Eigentlich ist es Unsinn, länger zu warten! Schon ist alles klar und entschieden! Raus und Schluß! Wozu sich noch angrobsen lassen?!
Der Leutnant überlegt, wo in diesem Ausschank die Toilette liegt – aber davon hätten die Kameraden nur Schwierigkeiten. Er muß weiter fortgehen, irgendwo in den Wald, wo Unterholz ist – nein, am besten dahin, wohin er es ihr versprochen hat. Es soll ihr nicht vergessen und geschenkt sein –!
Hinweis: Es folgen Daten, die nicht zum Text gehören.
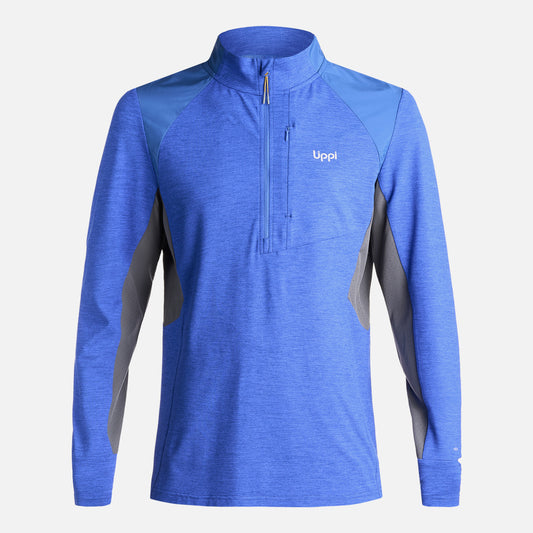 Poleron Hombre Egger 1/4 Zip Melange Azul Lippi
»Ich bitte, Herr Leutnant!«
Und er atmet auf! Eine Galgenfrist vielleicht nur, aber noch ein Weilchen Zeit, Atem zu schöpfen, der alte zu sein, an eine Zukunft zu glauben. Aufmerksam hört er zu, wie ihm Herr Richter auseinandersetzt, daß seit dem heutigenfrühen Morgen jede Verbindung mit der Reichswehr abgerissen ist. Niemand kommt in die Kasernen, niemand gelangt aus den Kasernen, auf den Straßen ist kein Offizier zu sehen, bei telefonischen Anrufen gibt es nur ausweichendes Geschwätz …
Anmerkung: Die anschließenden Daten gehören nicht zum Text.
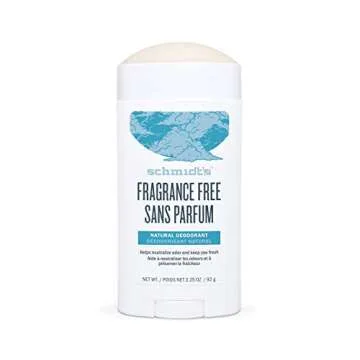 Schmidt's Aluminum Free Natural Deodorant for Women and Men, Fragrance Free 24 Hour Odor Protection, Certified Cruelty Free, Vegan Deodorant, 3.25 oz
Ach, nun zeigt es sich, wie unsicher alles Vorbereitete ist! Eine Handvoll Leute, die Reste offiziell längst aufgelöster Freikorps, dazu ein Landsturm von ein paar tausend Mann – stark, wenn die Reichswehr mitmacht, eine lächerliche Horde, wenn sie sich entgegenstemmt! Man hatte fest mit der Reichswehr gerechnet. Natürlich war nie etwas Offizielles besprochen; man hatte ja alles Verständnis für die Schwierigkeiten, mit denen die Kameraden zu kämpfen hatten! Aus den Trümmern des Heeres, aus den Ruinen der Revolution war ein neues Heer aufzubauen, unter den argwöhnischen Augen der ehemaligen Feinde, die immer noch feindlich geblieben waren. Alles Risiko wollten die Außenseiter gerne tragen. Aber der verabschiedete Offizier hatte mit dem aktiven gesprochen: Die einen hatten geredet, die andern hatten zugehört. Es war nicht ja gesagt worden, aber auch nicht nein, nicht hü und nicht hott – aber man hatte doch das Gefühl gehabt: wenn wir nur unsere Sache machen, die werden nicht dawider sein.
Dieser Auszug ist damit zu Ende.